As the winter 2014/2015 yacht charter season approaches, it might be fair to say the Caribbean is becoming a bit passé. More and more owners are putting their boats in places such as the Indian Ocean and South Pacific, and it looks to me as if the new great horizon for winter yacht charters is the west coasts of Mexico and Central America.
To be clear, crewed charter yachts have long been available on a catch-as-catch-can basis from the Mexican Riviera to Costa Rica and Panama’s San Blas and Las Perlas islands. A few have come and gone every winter, usually en route from Alaska through the Panama Canal to the Caribbean. My first charter in the region was more than a decade ago aboard the 125-foot Delta Marine Centurion, which at the time was trying to open the megayacht charter market there full-season.
Our itinerary included scuba diving with moray eels whose heads were the size of a man’s thigh; pulling fruit off the trees at a banana plantation; river rafting through Class IV rapids and waterfalls; and hiking through tropical forests filled with screeching howler monkeys. (Costa Rica definitely has a different vibe than St. Barth’s.)
That yacht owner’s vision was way ahead of its time. Eco-tourism and a desire to visit new frontiers are both travel trends just now starting to affect the yacht charter industry, and Mexico, Panama and Costa Rica are at the forefront. Edmiston and Company, Fraser Yachts Worldwide, and Sunreef Yachts Charter together are offering more than a half-dozen crewed yachts—big megayachts and entry-level catamarans alike—for charter this winter in Mexico. B&B Yacht Charters just welcomed two yachts into its fleet for year-round itineraries in Panama, where Neo Yachting has been promoting a 68-foot Azimut in the San Blas Islands. Well-respected charter yachts that used to base in the Caribbean each winter, including the 161-foot Feadship Teleost, have started returning to Costa Rica annually; last winter was her third season there.

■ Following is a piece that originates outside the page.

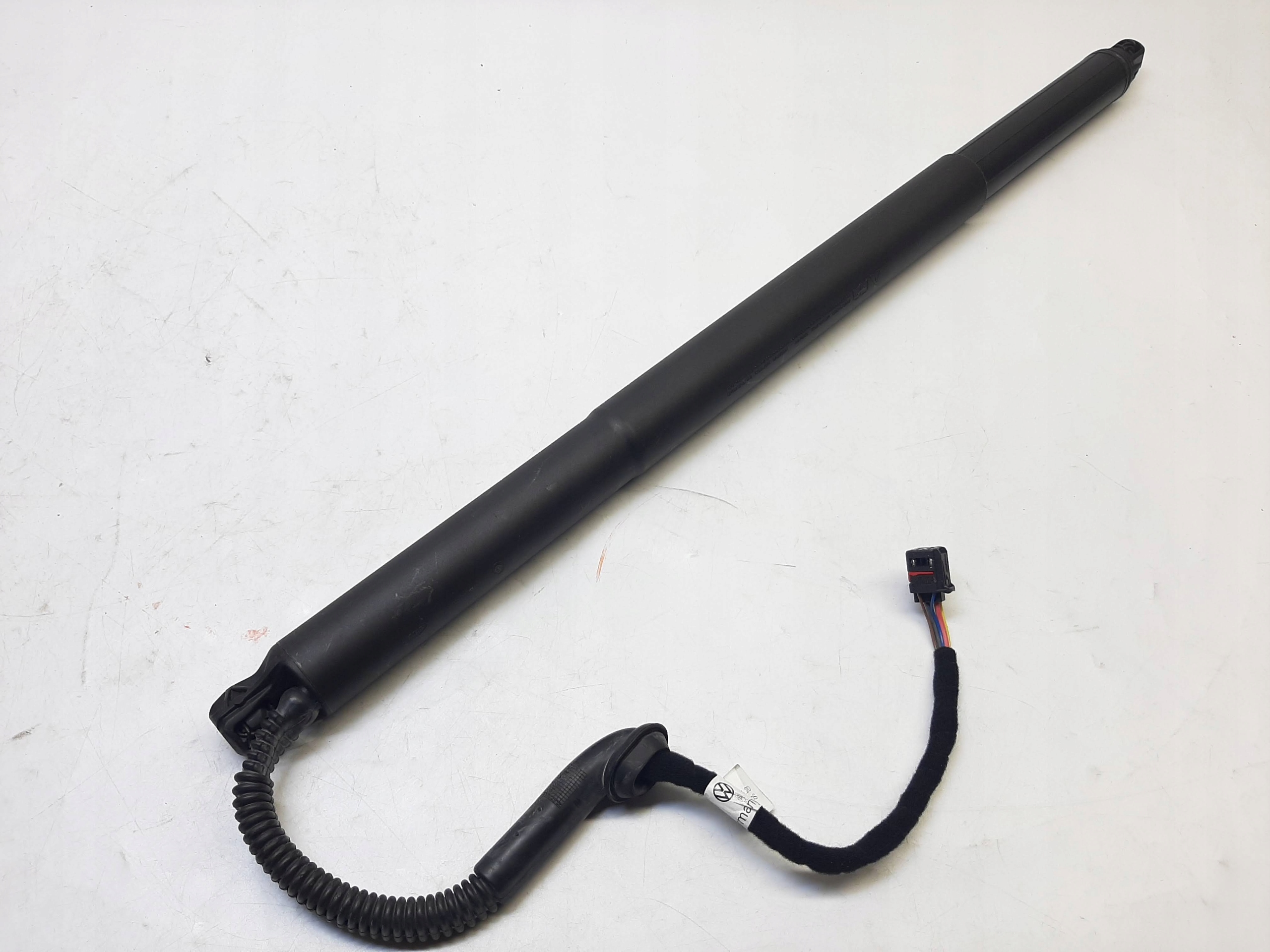 VW TIGUAN 17-23 SIŁOWNIK ELEKTRYCZNY PODNOŚNIK KLAPA BAGAŻNIKA 5NA827851A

Now comes word from Yachting Partners International that we can add the 84-foot JFA sailing catamaran Rose of Jericho to the list. She’s another successful charter yacht (one of the largest cats available anywhere) that has spent recent winters in the Caribbean, and is branching out this season with itineraries in Panama and Costa Rica.
Rose of Jericho is a 2002 build that a previous charter client bought in 2010. He did some major refit work on systems and machinery, along with an interior upgrade, to make the yacht ready for cruising in far-off destinations such as Central America. Then he—smartly—spent the past few winter seasons developing a happy clientele of Caribbean charter clients, whispering in their ears that if they want a change of scenery, the yacht they know and love will be spending the next season in Panama and Costa Rica.
It’s a smart business plan, one that combines the current tourism desire for unique experiences with all of the outstanding options that exist in places like Mexico, Panama, and Costa Rica. Marina developments are catching up with yacht owners’ needs for provisioning and other services, and my guess is that during the next five years or so, we’re going to see many more charter yachts heading in this direction, as these early adopters establish the market.
That’s great news for charter clients who want to set the GPS toward a new heading. I’m happy to be in the passenger seat with market trends fully in control at the helm.